4. Consider the larger impacts of the Inner Harbor street plan. Light St. is the southern extension of St. Paul, and thus has a tremendous potential for affecting its overall traffic patterns. The Inner Harbor street plan rightly recognizes the absurdity of the 10-lane width of Light St., even if it is also exploiting this absurdity to accommodate racecars in the upcoming Baltimore Grand Prix. (Talk about “complete streets” – what could be more complete than 150-mph racing on city streets?)
The city is already considering extending the proposed Light St. plan to include blocks beyond the Inner Harbor north of Pratt St. The city needs to further extend its plan to include all the ramifications on these traffic patterns. The current 10-lanes on Light attracts more traffic to the narrower portions to the north (on St. Paul) and the south (through Federal Hill, where Light gets extremely narrow). The extraneous traffic can be made to go elsewhere.
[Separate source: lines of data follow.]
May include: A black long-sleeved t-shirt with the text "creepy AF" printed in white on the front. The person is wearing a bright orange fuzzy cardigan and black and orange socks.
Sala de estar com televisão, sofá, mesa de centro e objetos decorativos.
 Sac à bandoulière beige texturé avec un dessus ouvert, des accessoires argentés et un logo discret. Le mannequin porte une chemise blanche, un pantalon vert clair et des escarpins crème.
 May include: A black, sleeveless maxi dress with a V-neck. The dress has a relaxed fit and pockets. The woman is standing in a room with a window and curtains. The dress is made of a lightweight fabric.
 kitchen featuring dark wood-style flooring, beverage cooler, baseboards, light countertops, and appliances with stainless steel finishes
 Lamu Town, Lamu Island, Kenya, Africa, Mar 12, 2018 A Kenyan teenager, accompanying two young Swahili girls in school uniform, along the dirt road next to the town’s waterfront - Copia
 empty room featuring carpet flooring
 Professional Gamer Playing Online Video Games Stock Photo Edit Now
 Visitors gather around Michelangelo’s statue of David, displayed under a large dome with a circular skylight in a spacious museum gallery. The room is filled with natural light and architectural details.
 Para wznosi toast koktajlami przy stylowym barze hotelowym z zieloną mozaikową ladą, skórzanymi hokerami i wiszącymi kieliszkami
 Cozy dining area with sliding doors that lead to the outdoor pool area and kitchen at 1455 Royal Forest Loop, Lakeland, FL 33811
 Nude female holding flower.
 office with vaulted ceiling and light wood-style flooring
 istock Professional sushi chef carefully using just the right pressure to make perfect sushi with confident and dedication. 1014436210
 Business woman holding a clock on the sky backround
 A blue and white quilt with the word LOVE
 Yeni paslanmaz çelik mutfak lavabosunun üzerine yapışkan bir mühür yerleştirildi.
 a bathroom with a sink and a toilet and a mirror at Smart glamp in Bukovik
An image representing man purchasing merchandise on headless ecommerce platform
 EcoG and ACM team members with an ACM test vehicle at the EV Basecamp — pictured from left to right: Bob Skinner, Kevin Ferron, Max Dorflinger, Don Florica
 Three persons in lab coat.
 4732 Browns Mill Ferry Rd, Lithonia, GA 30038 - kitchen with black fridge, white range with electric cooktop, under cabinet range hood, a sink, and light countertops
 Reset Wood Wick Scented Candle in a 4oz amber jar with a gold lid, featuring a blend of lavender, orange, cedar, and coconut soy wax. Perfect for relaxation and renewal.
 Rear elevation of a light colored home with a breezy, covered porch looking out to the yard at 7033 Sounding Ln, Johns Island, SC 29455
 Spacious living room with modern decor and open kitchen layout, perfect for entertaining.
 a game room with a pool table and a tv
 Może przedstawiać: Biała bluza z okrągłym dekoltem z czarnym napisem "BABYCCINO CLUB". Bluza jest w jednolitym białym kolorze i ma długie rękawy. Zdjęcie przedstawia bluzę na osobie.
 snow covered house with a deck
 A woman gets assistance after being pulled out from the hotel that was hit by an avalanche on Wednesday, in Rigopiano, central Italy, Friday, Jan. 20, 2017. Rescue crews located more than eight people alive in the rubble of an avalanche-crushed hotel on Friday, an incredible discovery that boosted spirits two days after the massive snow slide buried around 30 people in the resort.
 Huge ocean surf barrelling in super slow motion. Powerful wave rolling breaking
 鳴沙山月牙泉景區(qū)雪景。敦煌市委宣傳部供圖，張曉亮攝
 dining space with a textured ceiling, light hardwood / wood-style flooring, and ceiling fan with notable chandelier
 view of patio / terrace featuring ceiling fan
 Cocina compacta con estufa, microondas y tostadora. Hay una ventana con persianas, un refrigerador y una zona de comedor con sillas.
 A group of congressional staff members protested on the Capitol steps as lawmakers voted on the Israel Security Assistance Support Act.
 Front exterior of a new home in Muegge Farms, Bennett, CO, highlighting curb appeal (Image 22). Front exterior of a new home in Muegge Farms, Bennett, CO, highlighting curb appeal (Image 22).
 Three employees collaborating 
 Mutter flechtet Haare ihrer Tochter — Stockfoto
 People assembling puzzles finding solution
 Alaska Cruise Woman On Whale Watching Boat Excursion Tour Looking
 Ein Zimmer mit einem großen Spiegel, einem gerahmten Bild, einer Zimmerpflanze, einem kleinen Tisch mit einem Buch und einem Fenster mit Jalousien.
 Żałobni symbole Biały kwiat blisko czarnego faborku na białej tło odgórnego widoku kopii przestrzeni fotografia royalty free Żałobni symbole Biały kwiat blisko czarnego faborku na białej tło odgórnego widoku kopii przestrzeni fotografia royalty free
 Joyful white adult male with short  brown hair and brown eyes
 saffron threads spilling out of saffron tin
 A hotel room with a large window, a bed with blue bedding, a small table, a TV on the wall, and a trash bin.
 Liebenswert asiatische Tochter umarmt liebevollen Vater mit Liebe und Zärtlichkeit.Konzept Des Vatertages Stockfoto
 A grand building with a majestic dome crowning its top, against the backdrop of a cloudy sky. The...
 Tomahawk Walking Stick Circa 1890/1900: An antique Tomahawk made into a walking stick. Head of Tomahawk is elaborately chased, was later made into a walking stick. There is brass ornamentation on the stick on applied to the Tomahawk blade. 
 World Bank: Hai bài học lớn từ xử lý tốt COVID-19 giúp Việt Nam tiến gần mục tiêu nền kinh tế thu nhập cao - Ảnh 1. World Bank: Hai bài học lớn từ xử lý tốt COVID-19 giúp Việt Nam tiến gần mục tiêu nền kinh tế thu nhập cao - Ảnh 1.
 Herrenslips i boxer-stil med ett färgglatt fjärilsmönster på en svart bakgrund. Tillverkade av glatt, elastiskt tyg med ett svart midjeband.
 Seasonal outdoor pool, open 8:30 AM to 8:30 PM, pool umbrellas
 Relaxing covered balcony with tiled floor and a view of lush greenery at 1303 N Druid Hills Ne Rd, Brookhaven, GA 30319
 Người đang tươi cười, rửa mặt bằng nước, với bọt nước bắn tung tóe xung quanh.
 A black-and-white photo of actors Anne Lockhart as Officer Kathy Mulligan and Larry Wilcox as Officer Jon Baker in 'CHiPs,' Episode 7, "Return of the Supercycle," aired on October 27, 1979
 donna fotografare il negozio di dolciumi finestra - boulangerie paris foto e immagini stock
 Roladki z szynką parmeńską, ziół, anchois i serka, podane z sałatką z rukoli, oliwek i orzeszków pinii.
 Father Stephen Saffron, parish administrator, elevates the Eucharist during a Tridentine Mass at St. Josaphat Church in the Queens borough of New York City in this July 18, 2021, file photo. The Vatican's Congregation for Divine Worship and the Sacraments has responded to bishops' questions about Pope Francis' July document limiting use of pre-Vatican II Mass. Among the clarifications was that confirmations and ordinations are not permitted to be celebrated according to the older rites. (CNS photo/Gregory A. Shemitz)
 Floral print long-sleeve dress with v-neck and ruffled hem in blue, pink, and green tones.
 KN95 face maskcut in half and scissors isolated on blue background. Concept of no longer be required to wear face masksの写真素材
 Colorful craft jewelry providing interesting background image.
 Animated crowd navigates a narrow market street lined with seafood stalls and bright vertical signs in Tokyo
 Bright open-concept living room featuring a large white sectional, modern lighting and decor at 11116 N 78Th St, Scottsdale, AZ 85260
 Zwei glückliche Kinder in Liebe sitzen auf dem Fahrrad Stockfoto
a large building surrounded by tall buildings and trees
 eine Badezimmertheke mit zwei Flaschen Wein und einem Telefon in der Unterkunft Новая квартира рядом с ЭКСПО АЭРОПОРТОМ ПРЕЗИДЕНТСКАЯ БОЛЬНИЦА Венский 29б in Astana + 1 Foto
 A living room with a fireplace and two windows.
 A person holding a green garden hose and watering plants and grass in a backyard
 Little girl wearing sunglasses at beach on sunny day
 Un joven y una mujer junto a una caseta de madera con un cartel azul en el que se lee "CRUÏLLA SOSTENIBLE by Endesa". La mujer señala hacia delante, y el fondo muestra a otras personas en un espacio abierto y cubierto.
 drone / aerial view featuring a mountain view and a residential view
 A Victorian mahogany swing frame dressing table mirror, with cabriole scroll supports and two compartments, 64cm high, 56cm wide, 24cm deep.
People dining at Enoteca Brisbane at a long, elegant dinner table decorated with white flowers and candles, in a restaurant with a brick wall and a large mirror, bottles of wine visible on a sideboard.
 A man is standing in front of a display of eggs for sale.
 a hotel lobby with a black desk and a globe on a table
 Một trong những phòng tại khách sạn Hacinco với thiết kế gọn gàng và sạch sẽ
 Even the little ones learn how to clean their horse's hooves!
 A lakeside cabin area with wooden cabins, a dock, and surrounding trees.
5. Tie it all together. All of the above have heretofore been treated as isolated proposals, but they are all part of the same system. After we determine which traffic should rightly be accommodated on St. Paul, then we can decide how the street pavement might be apportioned between lanes for moving cars, parked cars, bikes, and buses.

A radical redesign is needed to get rid of the diagonal road link that deadens Preston Gardens. (Gerald Neily)
And Don’t Forget the Residents
Most importantly, we got to figure out how St. Paul should function as an overall street environment. Drivers, bikers and pedestrians can get so consumed with dodging each other that they don’t even remember that people actually live there.
We know this by the way some motorists honk their horns at all hours of the day and night, with complete disregard for their effect on the environment as a whole. Yes, maybe it’s a small minority who are so oblivious, but a small minority of tens of thousands of people a day is a lot. True street traffic calming involves both the traffic and the calming. Who ends up in the mixing bowl is as important as how they’re mixed.
Some people dream of a billion-dollar plan to knock down the JFX to create a new Champs Elysees. Others dream of a comprehensive network of bike lanes.
What we really need is a livable city. Fixing a confused thoroughfare that runs through one of our most elegant neighborhoods would be a great place to start.